A faithful copy is needed of the lines below from the one with "36 rings and" up to and including the one with "Цветок искусственный декоративный"; set it down with no pictures and no other lines.

*INFORMATION SHOWN:*
◆ ◆ ◆ ◆ ◆ ◆ ◆
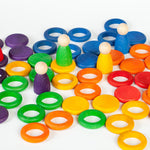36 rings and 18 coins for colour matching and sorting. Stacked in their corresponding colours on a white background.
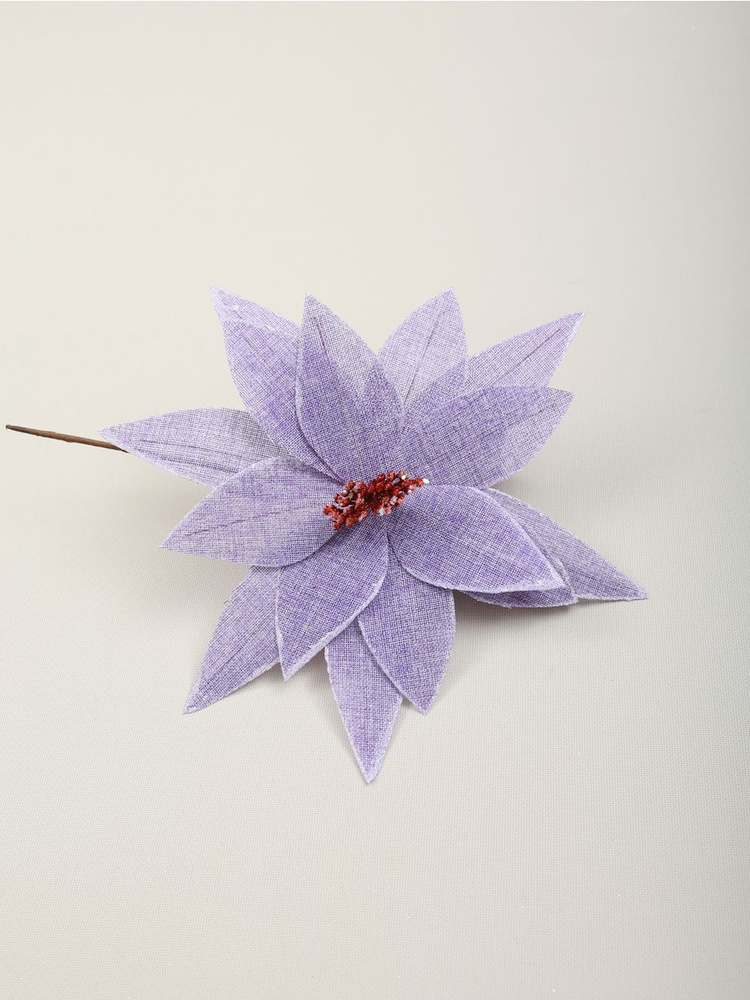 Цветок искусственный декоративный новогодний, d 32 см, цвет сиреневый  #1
◆ ◆ ◆ ◆ ◆ ◆ ◆
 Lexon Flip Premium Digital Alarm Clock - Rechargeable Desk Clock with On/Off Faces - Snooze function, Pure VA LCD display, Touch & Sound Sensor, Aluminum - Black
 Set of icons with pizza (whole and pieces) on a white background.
◆ ◆ ◆ ◆ ◆ ◆ ◆
*EXERCISE RESULT:*
36 rings and 18 coins for colour matching and sorting. Stacked in their corresponding colours on a white background.
 Цветок искусственный декоративный новогодний, d 32 см, цвет сиреневый  #1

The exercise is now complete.